What is needed: Reproduce, character for character, the lines below from the first through the one with "Изображение к статье: Не". Leave pictures out.

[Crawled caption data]
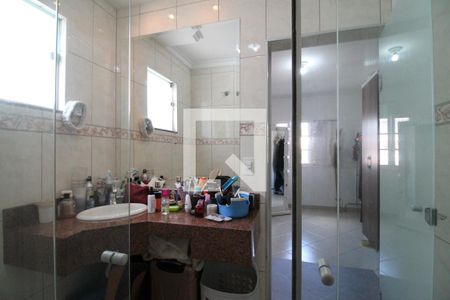 Casa à venda com 125m², 2 quartos e 2 vagasBanheiro da Suíte 1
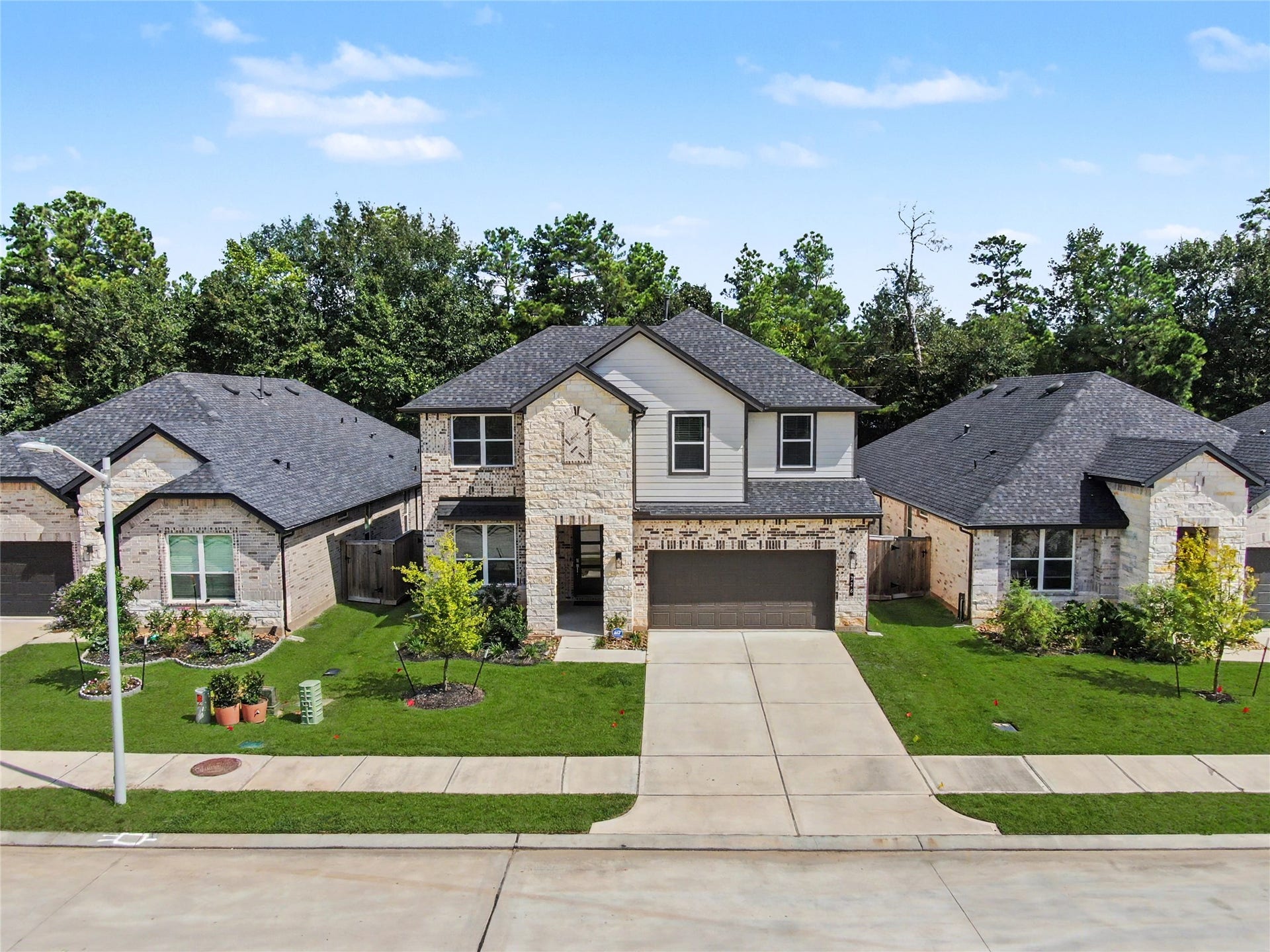 326 Springfield Terrace Drive, Conroe, TX 77304 326 Springfield Terrace Drive, Conroe, TX 77304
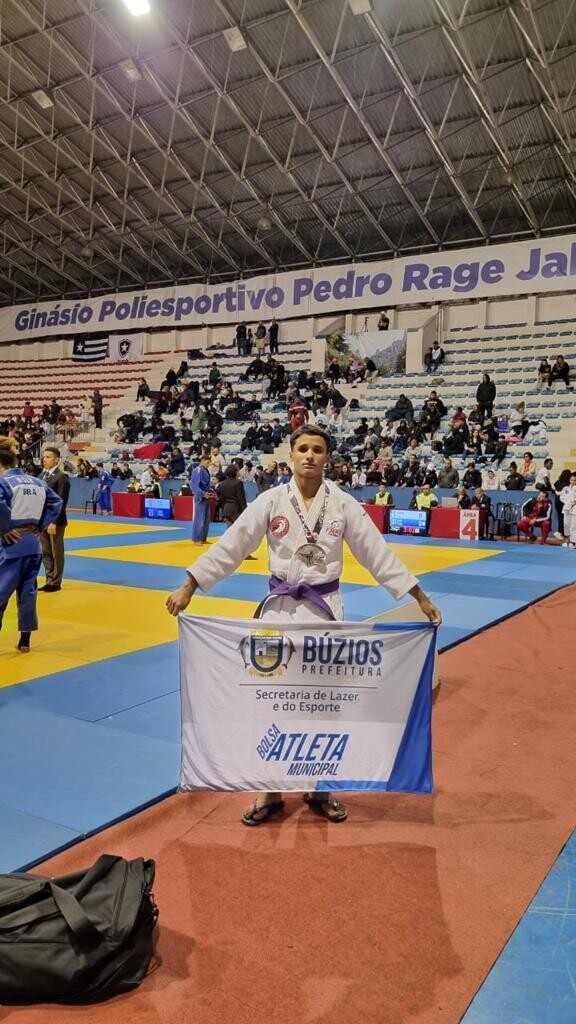 Atleta buziano conquista prata no Torneio Inter Regional de Judô realizado em Teresópolis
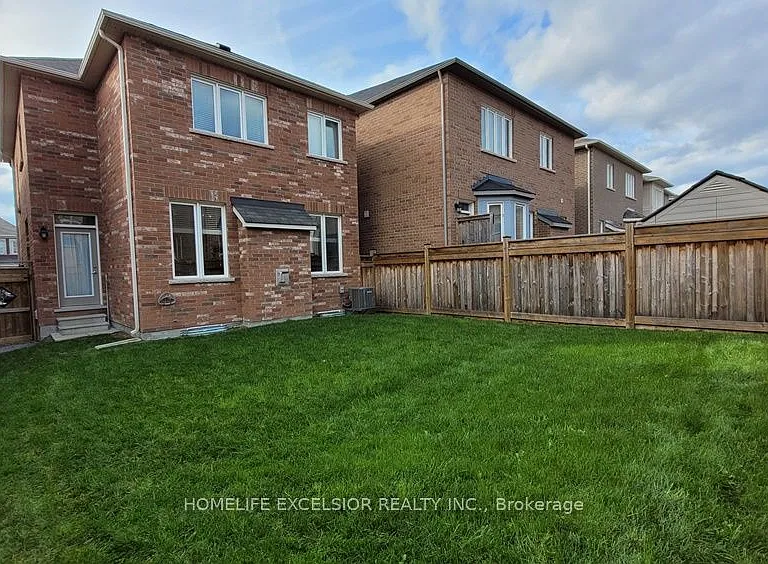 130 Major Cres — Photo 2
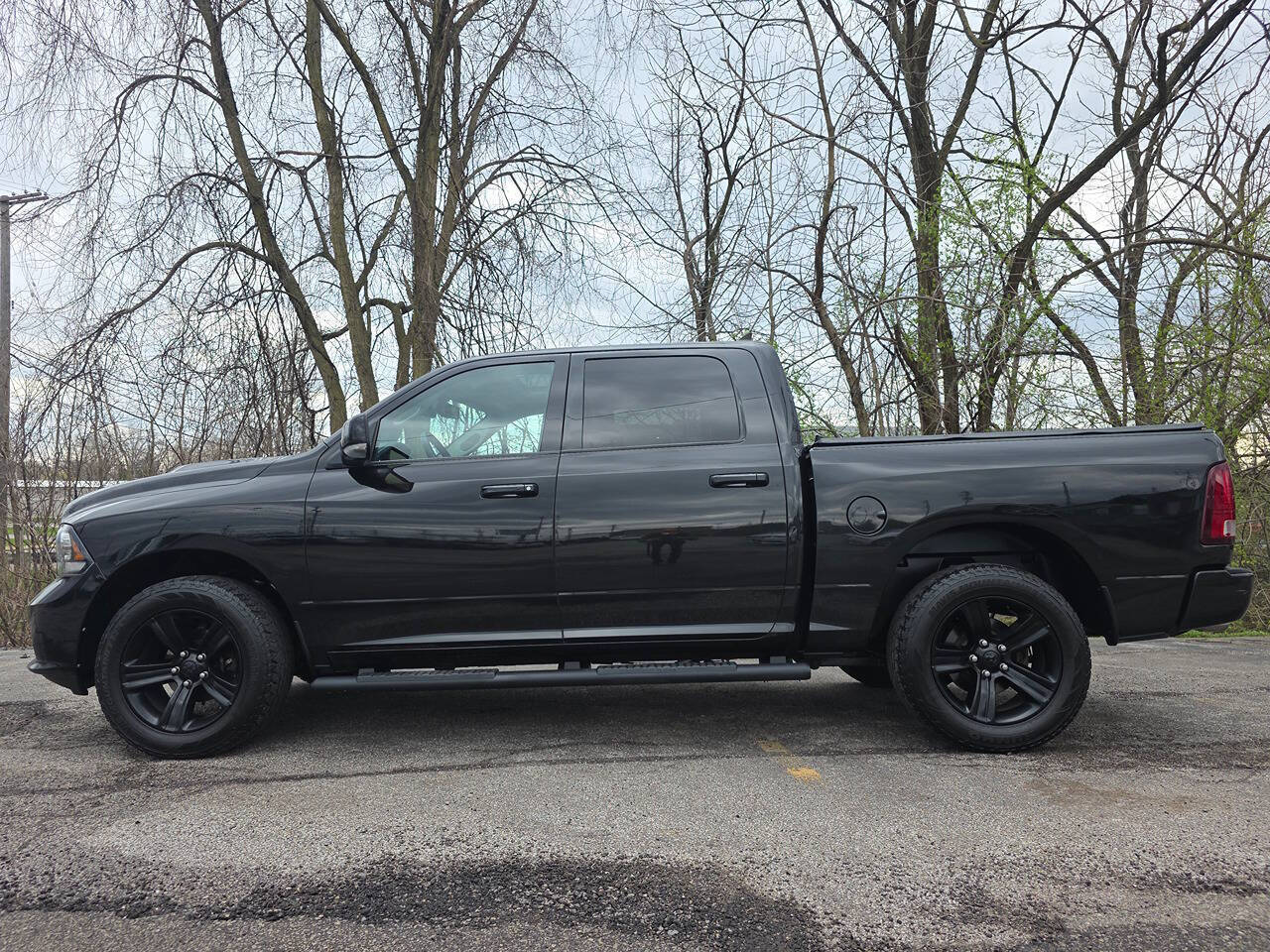 2017 RAM 1500 Night 4x4 4dr Crew Cab 5.5 ft. SB Pickup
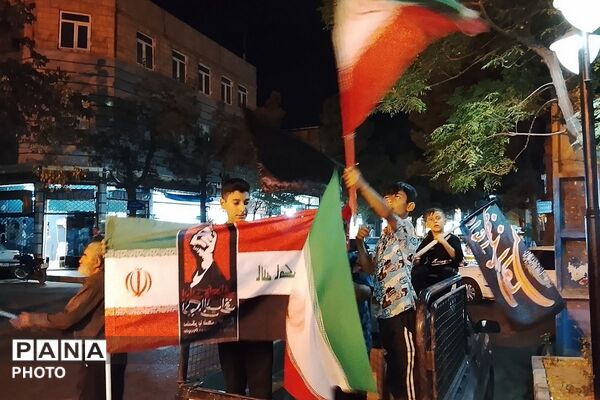 کوچک‌ترین حاضران شهرک انقلاب؛ کودکان در قاب یک اجتماع مردمی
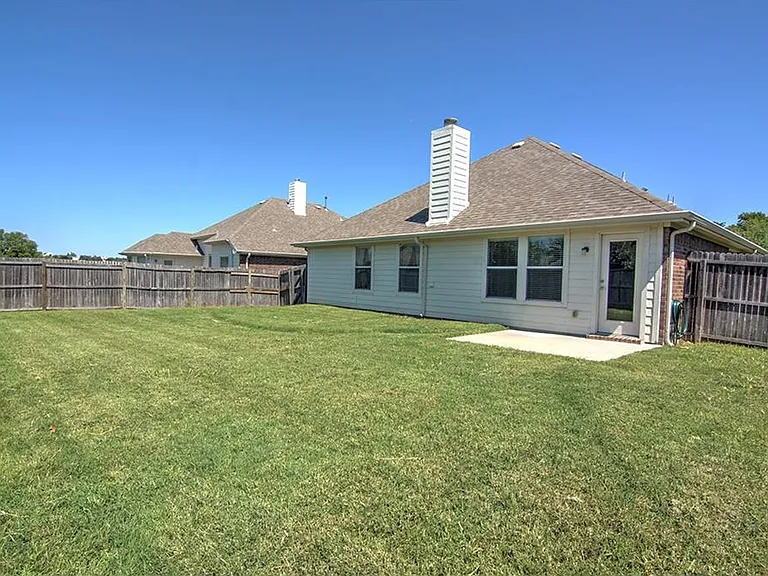 8405 Shasta Dr — Photo 27
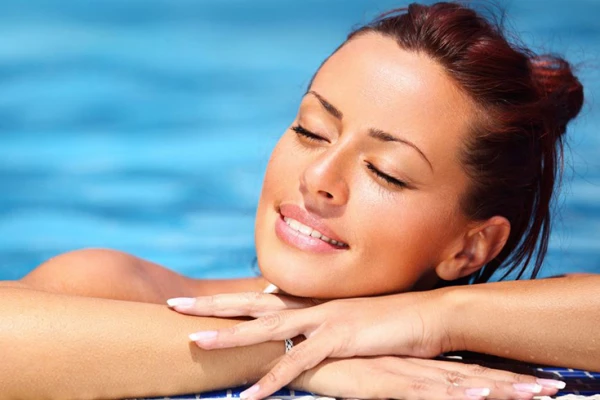 Изображение к статье: Не блестеть, а блистать: как контролировать выделение кожного сала в жару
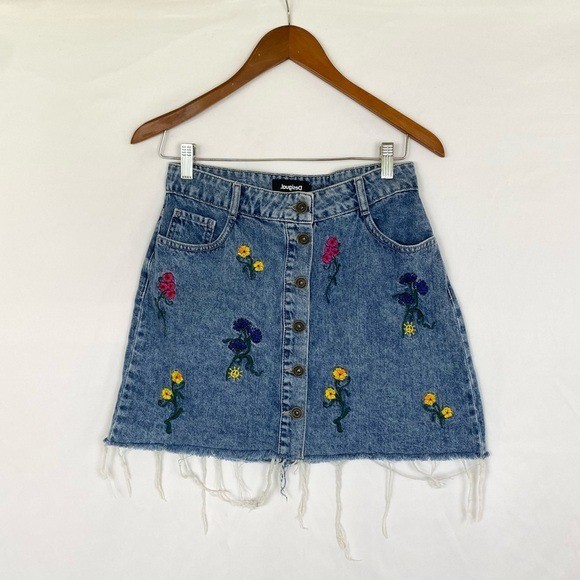 DESIGUAL Floral Denim Mini Skirt A Line 5 Pocket Raw Hem Frayed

Task answer:
 Casa à venda com 125m², 2 quartos e 2 vagasBanheiro da Suíte 1
 326 Springfield Terrace Drive, Conroe, TX 77304 326 Springfield Terrace Drive, Conroe, TX 77304
 Atleta buziano conquista prata no Torneio Inter Regional de Judô realizado em Teresópolis
 130 Major Cres — Photo 2
 2017 RAM 1500 Night 4x4 4dr Crew Cab 5.5 ft. SB Pickup
 کوچک‌ترین حاضران شهرک انقلاب؛ کودکان در قاب یک اجتماع مردمی
 8405 Shasta Dr — Photo 27
 Изображение к статье: Не блестеть, а блистать: как контролировать выделение кожного сала в жару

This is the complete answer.